■ **Dataset records**
★ ★ ★ ★ ★
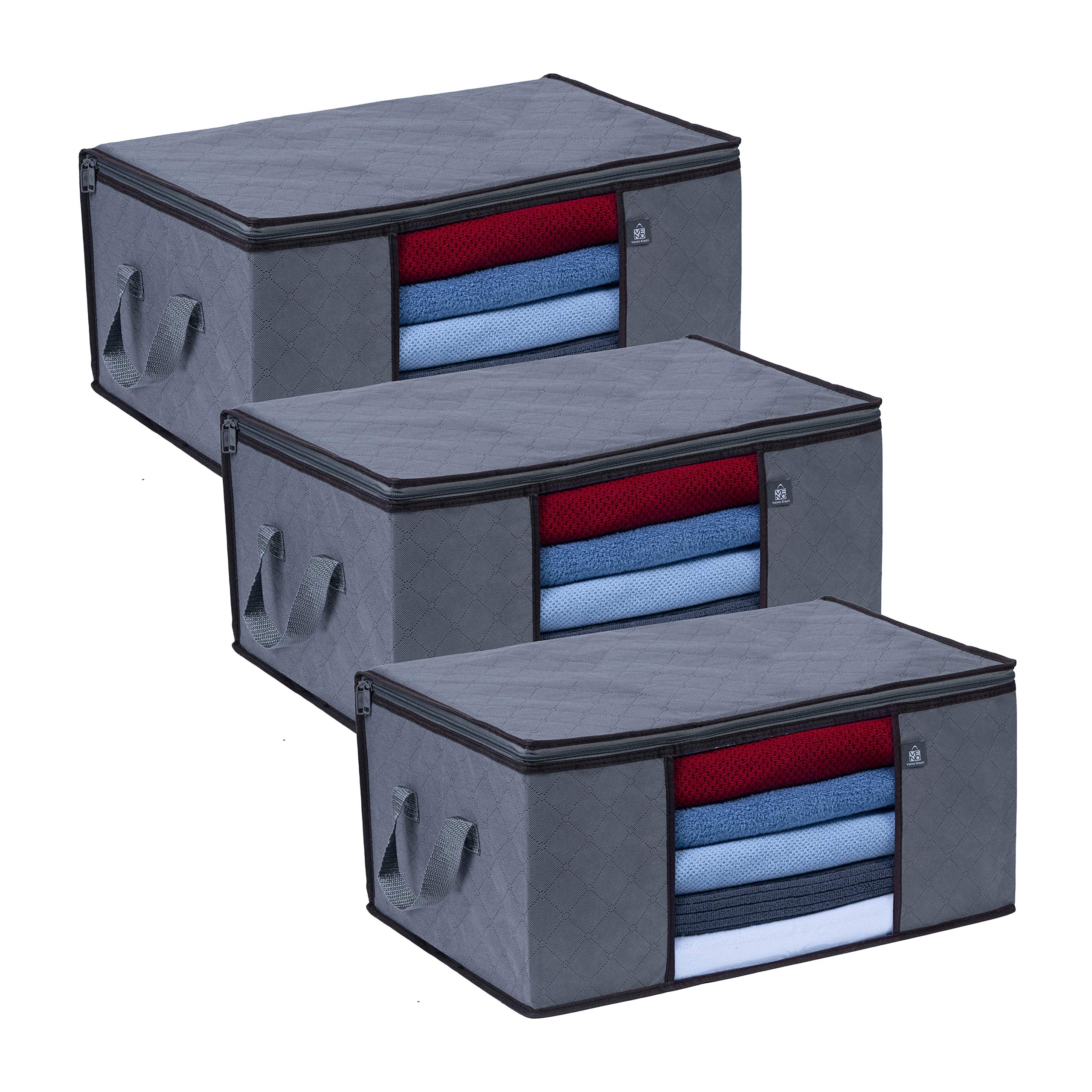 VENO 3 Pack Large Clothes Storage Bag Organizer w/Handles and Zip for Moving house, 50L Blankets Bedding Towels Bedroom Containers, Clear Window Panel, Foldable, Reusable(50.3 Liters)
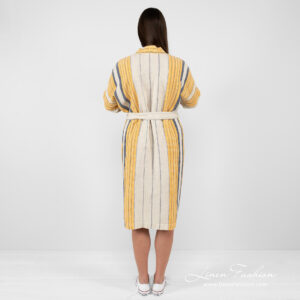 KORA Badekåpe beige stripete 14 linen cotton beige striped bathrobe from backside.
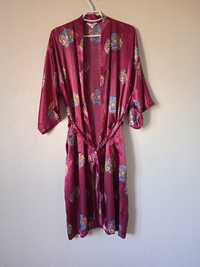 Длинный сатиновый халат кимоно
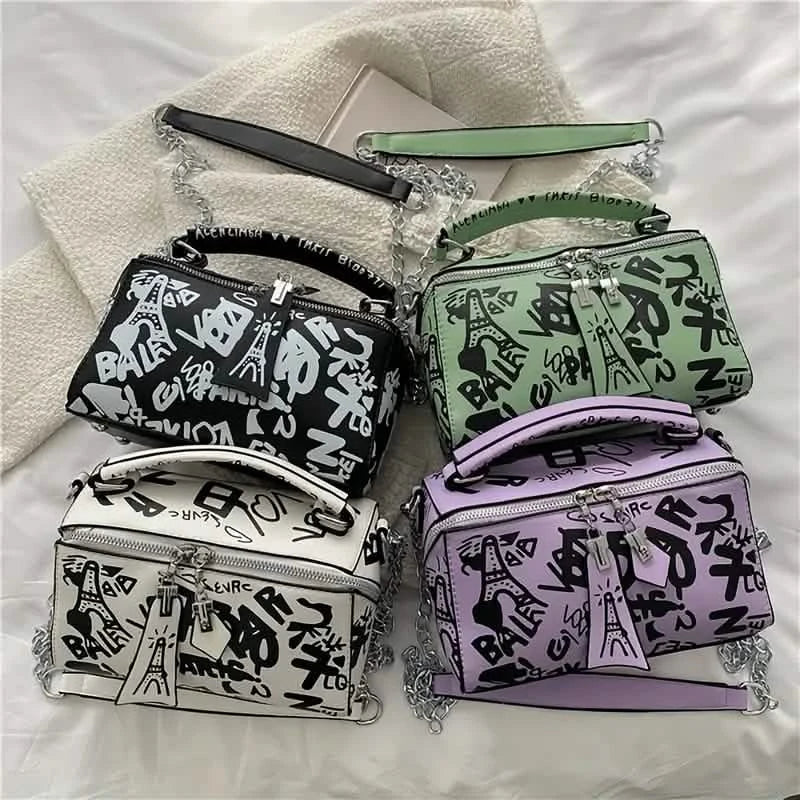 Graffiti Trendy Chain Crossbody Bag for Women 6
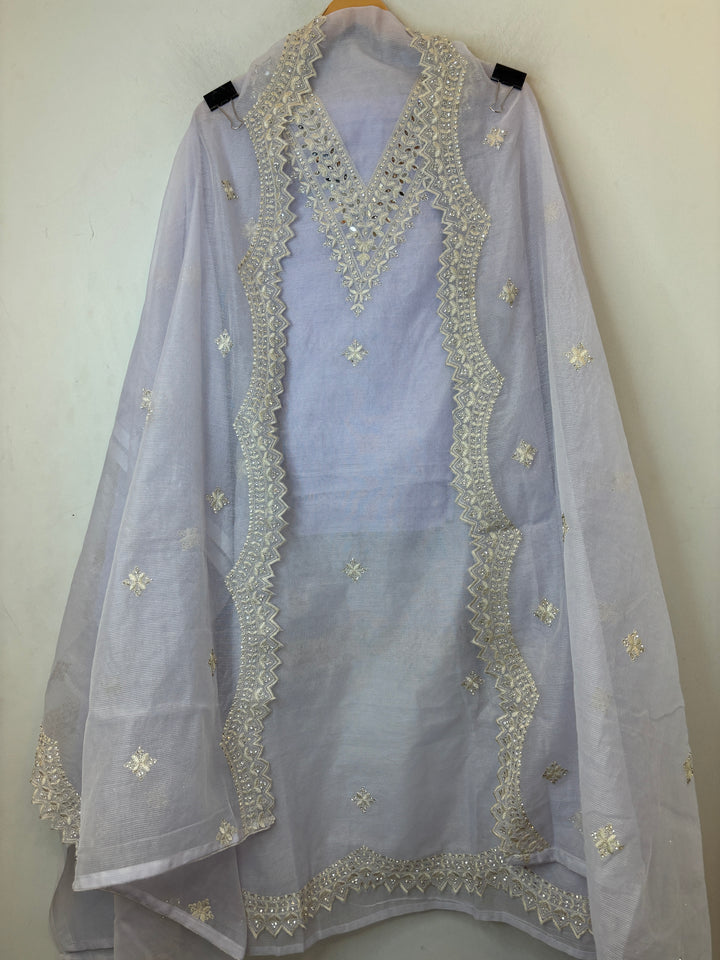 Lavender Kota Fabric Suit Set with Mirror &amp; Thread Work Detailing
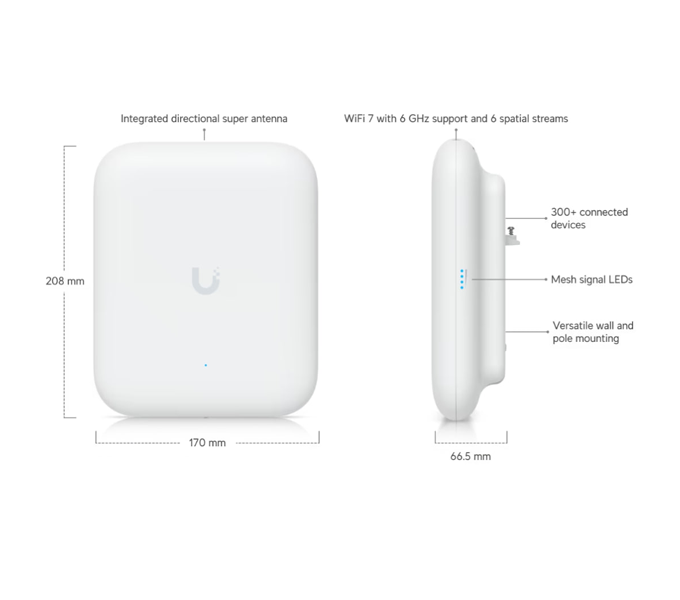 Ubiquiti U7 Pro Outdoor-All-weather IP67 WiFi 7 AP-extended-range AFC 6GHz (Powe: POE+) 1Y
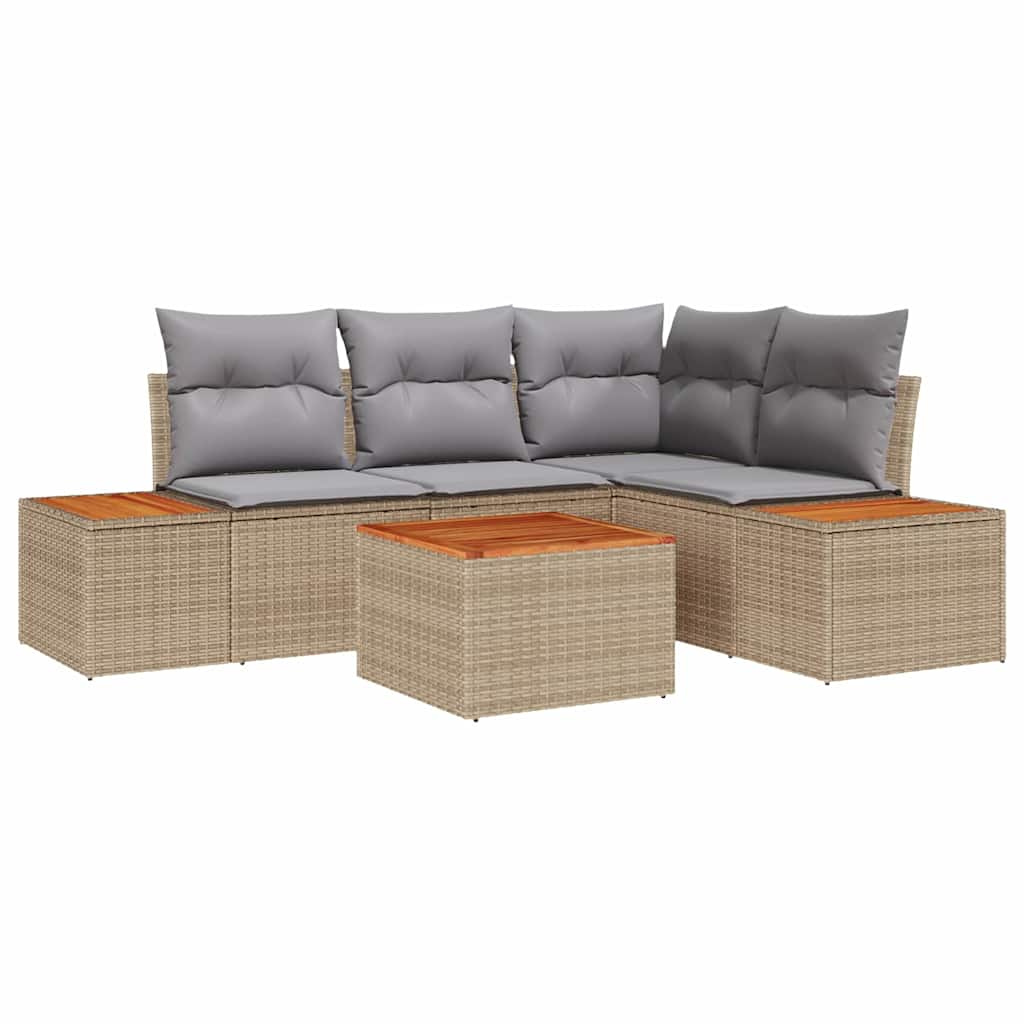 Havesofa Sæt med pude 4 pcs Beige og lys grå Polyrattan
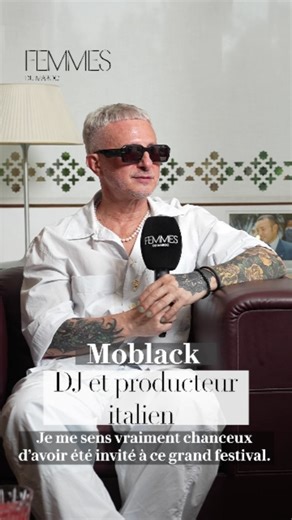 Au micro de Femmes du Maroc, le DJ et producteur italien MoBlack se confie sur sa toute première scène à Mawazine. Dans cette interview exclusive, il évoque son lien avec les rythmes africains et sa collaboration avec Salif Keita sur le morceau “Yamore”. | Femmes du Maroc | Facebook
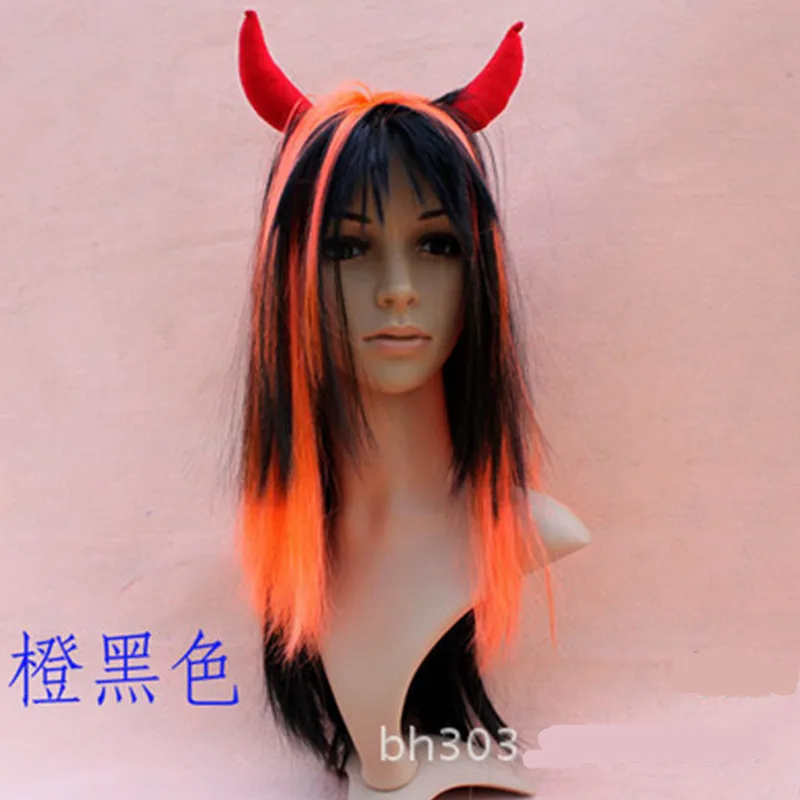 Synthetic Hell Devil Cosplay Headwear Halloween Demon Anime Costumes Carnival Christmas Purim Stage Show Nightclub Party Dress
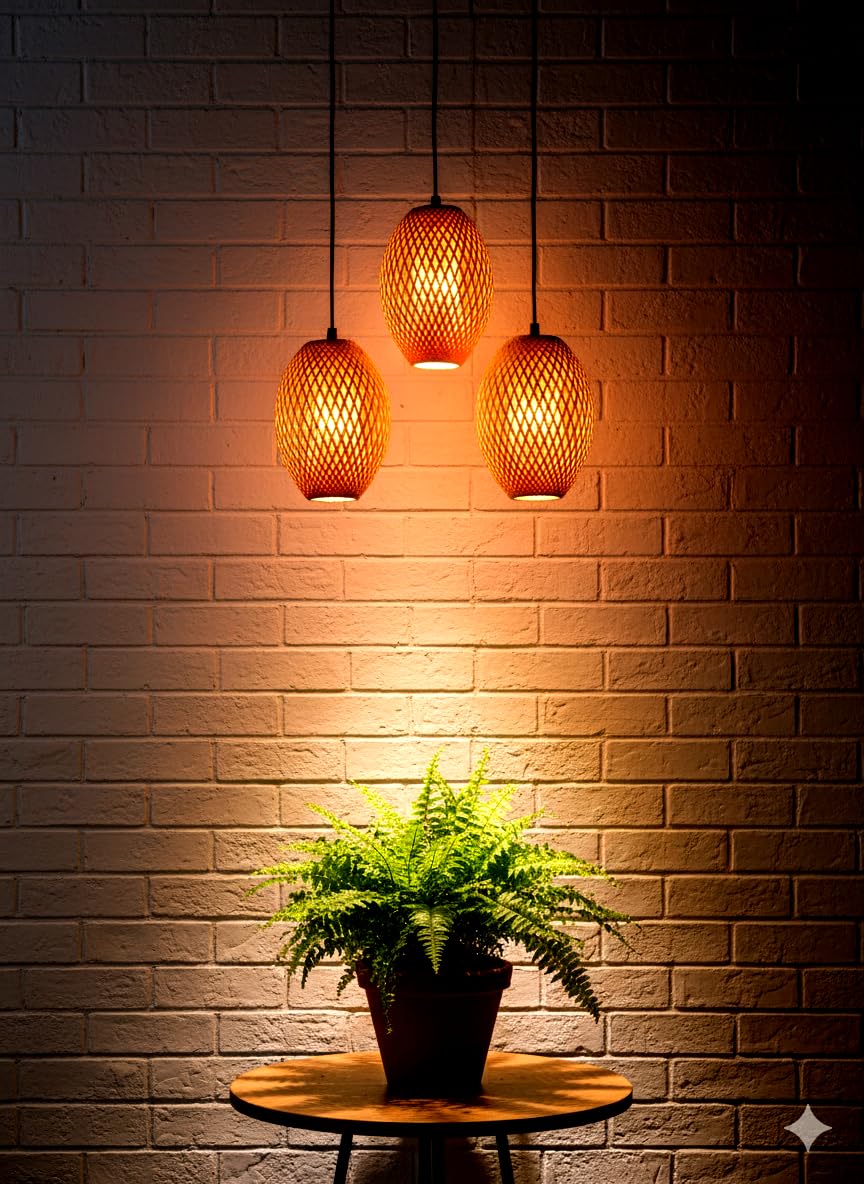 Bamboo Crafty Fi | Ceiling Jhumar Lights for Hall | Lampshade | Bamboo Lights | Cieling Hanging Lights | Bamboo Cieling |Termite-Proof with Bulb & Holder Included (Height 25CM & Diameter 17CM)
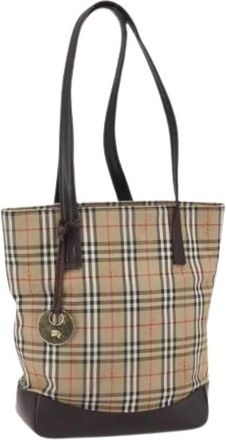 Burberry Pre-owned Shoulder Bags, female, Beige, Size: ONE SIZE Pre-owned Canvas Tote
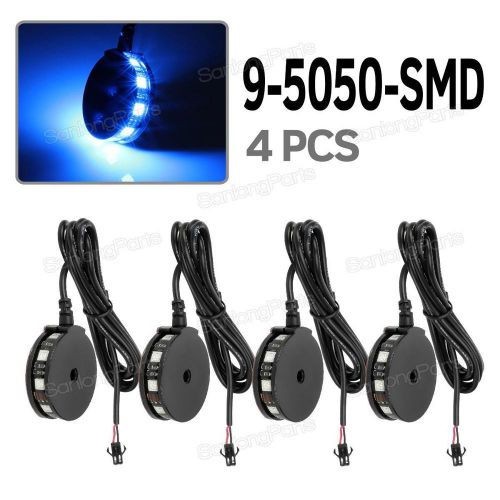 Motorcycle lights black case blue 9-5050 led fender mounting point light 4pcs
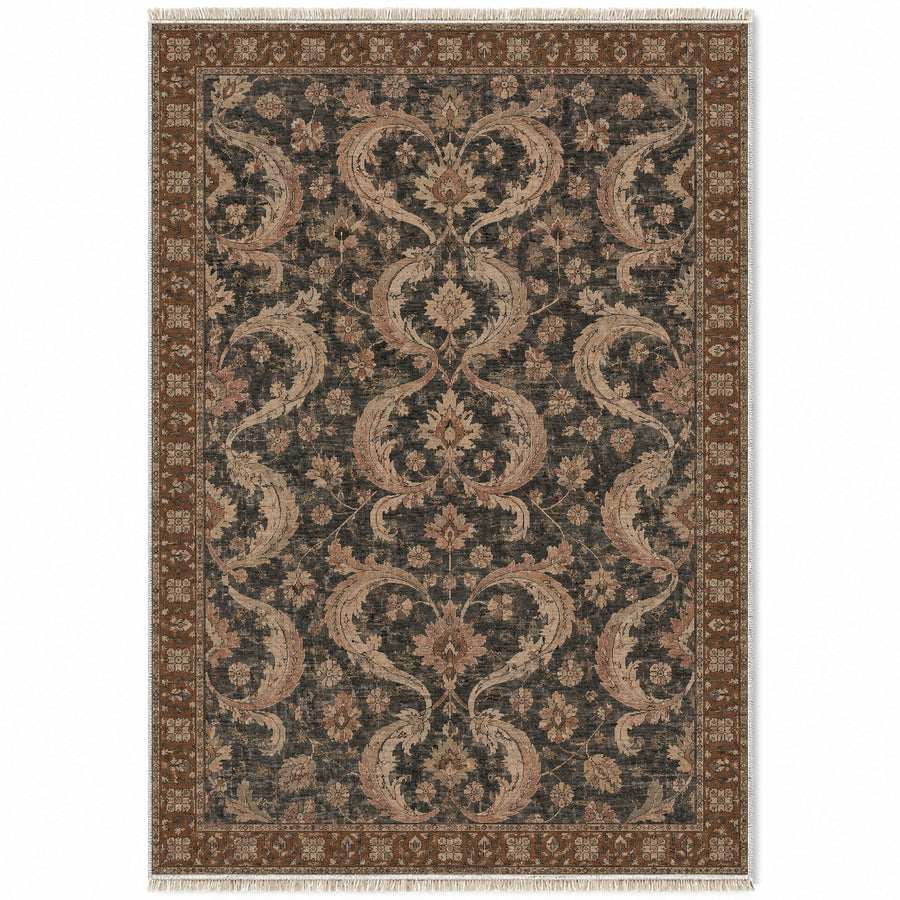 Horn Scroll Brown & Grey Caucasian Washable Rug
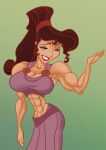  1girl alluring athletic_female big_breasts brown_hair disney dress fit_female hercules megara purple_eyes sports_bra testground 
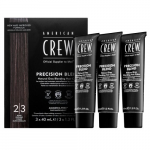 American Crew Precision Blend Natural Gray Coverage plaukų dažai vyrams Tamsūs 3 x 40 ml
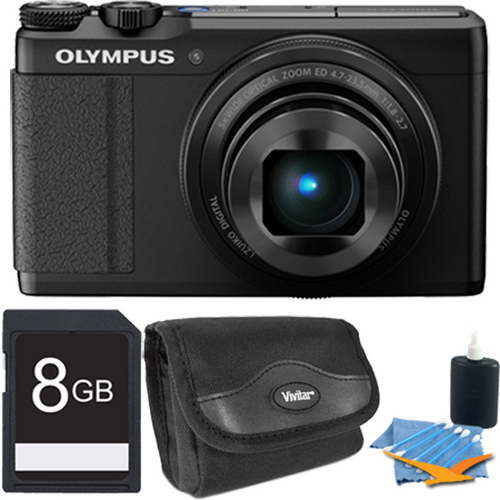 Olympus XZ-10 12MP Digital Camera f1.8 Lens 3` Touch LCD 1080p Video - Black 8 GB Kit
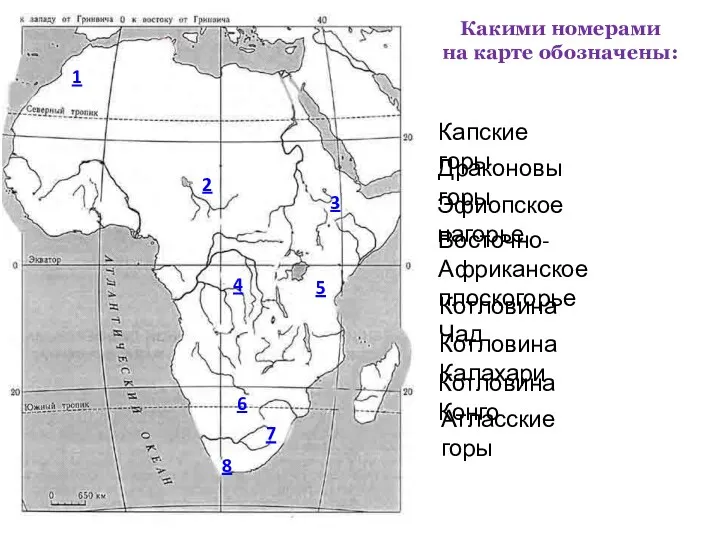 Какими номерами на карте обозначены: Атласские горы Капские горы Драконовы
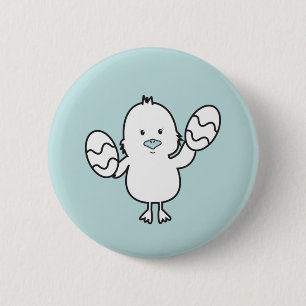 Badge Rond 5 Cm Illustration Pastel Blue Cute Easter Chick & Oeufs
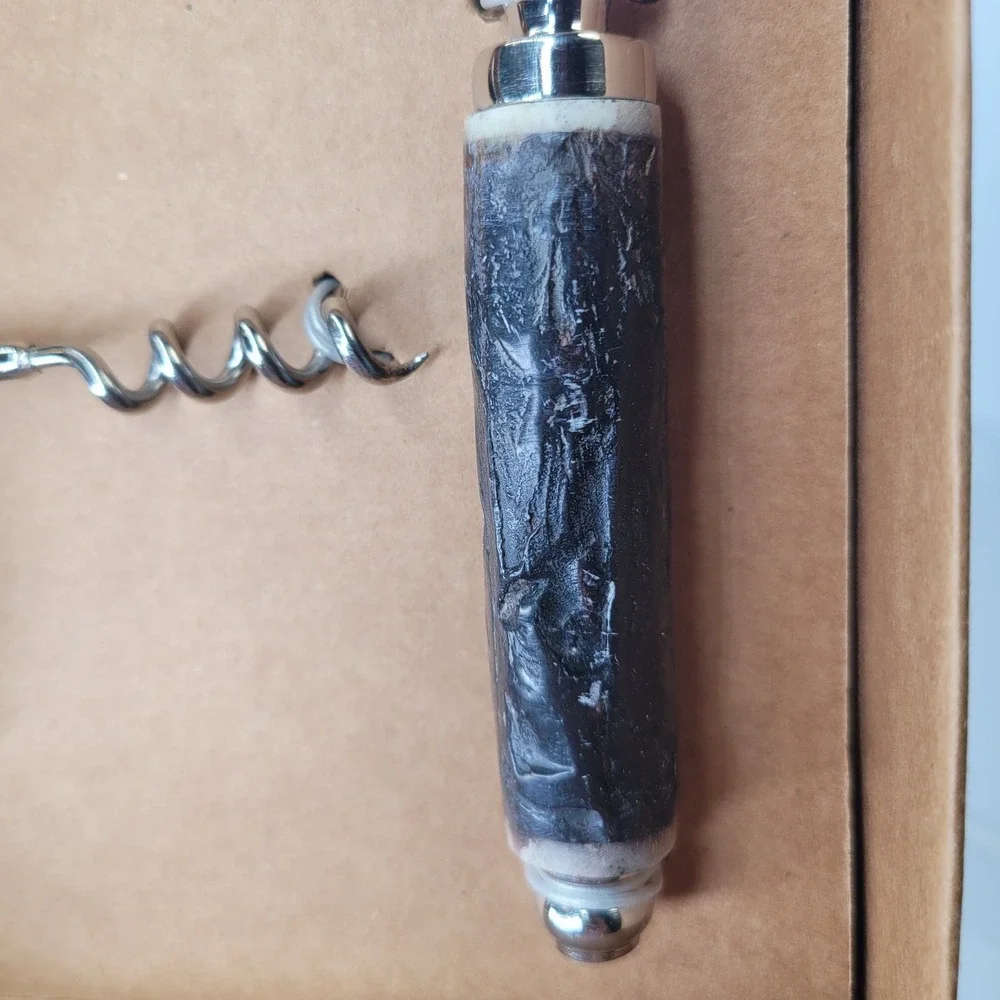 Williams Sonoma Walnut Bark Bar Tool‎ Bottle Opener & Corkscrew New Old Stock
★ ★ ★ ★ ★
■ **Instructions for the task**
Return every entry exactly, dropping the pictures.

■ **Answer area**
 VENO 3 Pack Large Clothes Storage Bag Organizer w/Handles and Zip for Moving house, 50L Blankets Bedding Towels Bedroom Containers, Clear Window Panel, Foldable, Reusable(50.3 Liters)
 KORA Badekåpe beige stripete 14 linen cotton beige striped bathrobe from backside.
 Длинный сатиновый халат кимоно
 Graffiti Trendy Chain Crossbody Bag for Women 6
 Lavender Kota Fabric Suit Set with Mirror &amp; Thread Work Detailing
 Ubiquiti U7 Pro Outdoor-All-weather IP67 WiFi 7 AP-extended-range AFC 6GHz (Powe: POE+) 1Y
 Havesofa Sæt med pude 4 pcs Beige og lys grå Polyrattan
 Au micro de Femmes du Maroc, le DJ et producteur italien MoBlack se confie sur sa toute première scène à Mawazine. Dans cette interview exclusive, il évoque son lien avec les rythmes africains et sa collaboration avec Salif Keita sur le morceau “Yamore”. | Femmes du Maroc | Facebook
 Synthetic Hell Devil Cosplay Headwear Halloween Demon Anime Costumes Carnival Christmas Purim Stage Show Nightclub Party Dress
 Bamboo Crafty Fi | Ceiling Jhumar Lights for Hall | Lampshade | Bamboo Lights | Cieling Hanging Lights | Bamboo Cieling |Termite-Proof with Bulb & Holder Included (Height 25CM & Diameter 17CM)
 Burberry Pre-owned Shoulder Bags, female, Beige, Size: ONE SIZE Pre-owned Canvas Tote
 Motorcycle lights black case blue 9-5050 led fender mounting point light 4pcs
 Horn Scroll Brown & Grey Caucasian Washable Rug
  1girl alluring athletic_female big_breasts brown_hair disney dress fit_female hercules megara purple_eyes sports_bra testground 
 American Crew Precision Blend Natural Gray Coverage plaukų dažai vyrams Tamsūs 3 x 40 ml
 Olympus XZ-10 12MP Digital Camera f1.8 Lens 3` Touch LCD 1080p Video - Black 8 GB Kit
 Какими номерами на карте обозначены: Атласские горы Капские горы Драконовы
 Badge Rond 5 Cm Illustration Pastel Blue Cute Easter Chick & Oeufs
 Williams Sonoma Walnut Bark Bar Tool‎ Bottle Opener & Corkscrew New Old Stock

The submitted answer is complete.